What is being asked ▸
Each line from the one holding "A menyertai Pertubuhan Bangsa-bangsa Bersatu." to the last line below must be restated word for word, and no picture may be included.

Task input ▸
▼

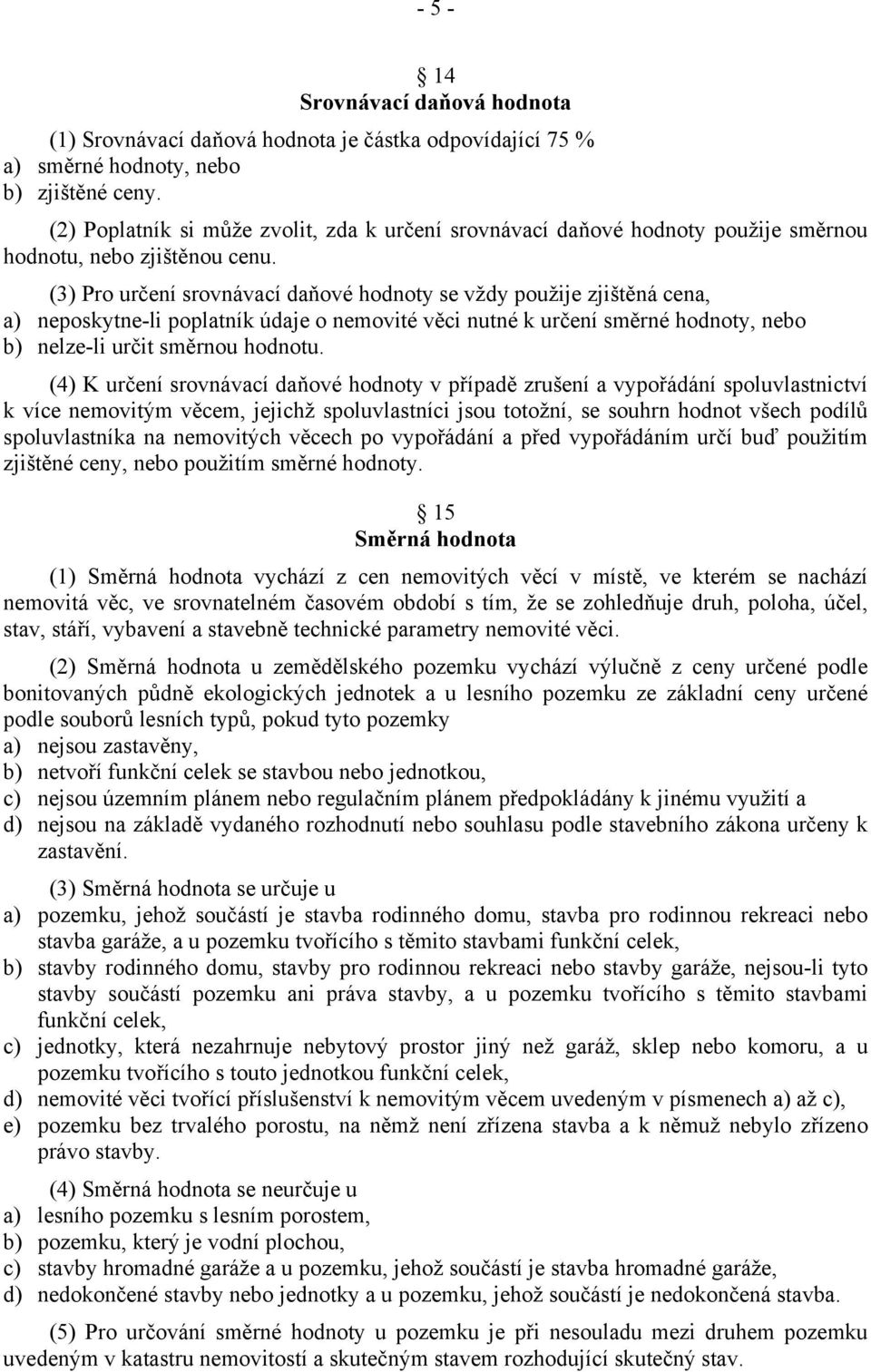 (3) Pro určení srovnávací daňové hodnoty se vždy použije zjištěná cena, a) neposkytne-li poplatník údaje o nemovité věci nutné k určení směrné hodnoty, nebo b) nelze-li určit směrnou hodnotu.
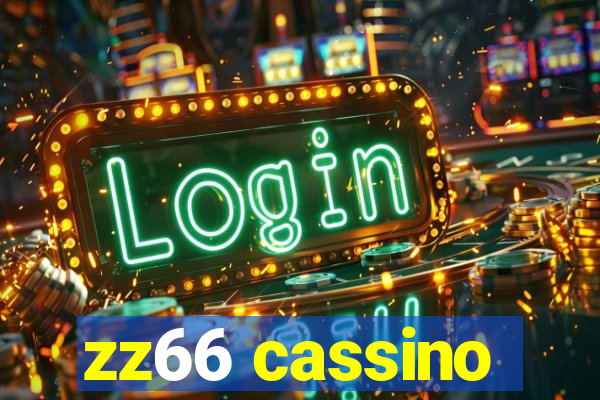 zz66 cassino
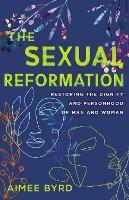 The Sexual Reformation: Restoring the Dignity and Personhood of Man and Woman - Aimee Byrd - cover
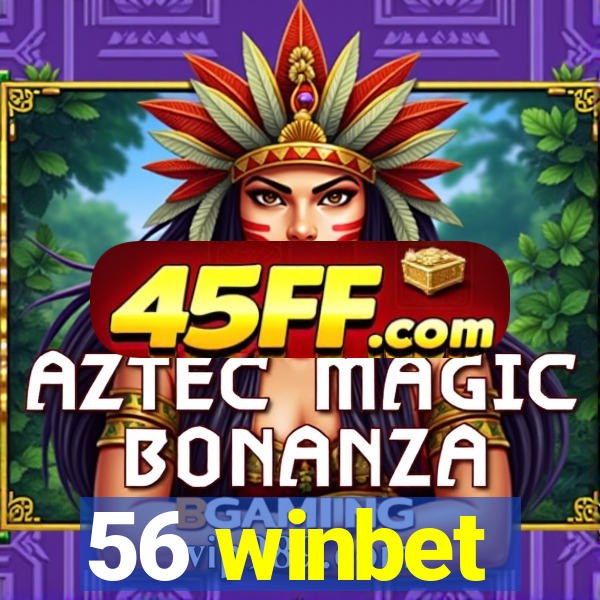 56 winbet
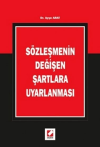 Sözleşmenin Değişen Şartlara Uyarlanması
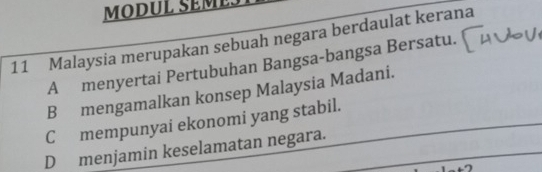 MODUL SEML
11 Malaysia merupakan sebuah negara berdaulat kerana
A menyertai Pertubuhan Bangsa-bangsa Bersatu.
B mengamalkan konsep Malaysia Madani.
C mempunyai ekonomi yang stabil.
D menjamin keselamatan negara.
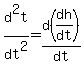 d%5E2t%2Fdt%5E2+=+d%28dh%2Fdt%29%2Fdt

▲

Reply to the task ▸
A menyertai Pertubuhan Bangsa-bangsa Bersatu.
B mengamalkan konsep Malaysia Madani.
C mempunyai ekonomi yang stabil.
D menjamin keselamatan negara.
 d%5E2t%2Fdt%5E2+=+d%28dh%2Fdt%29%2Fdt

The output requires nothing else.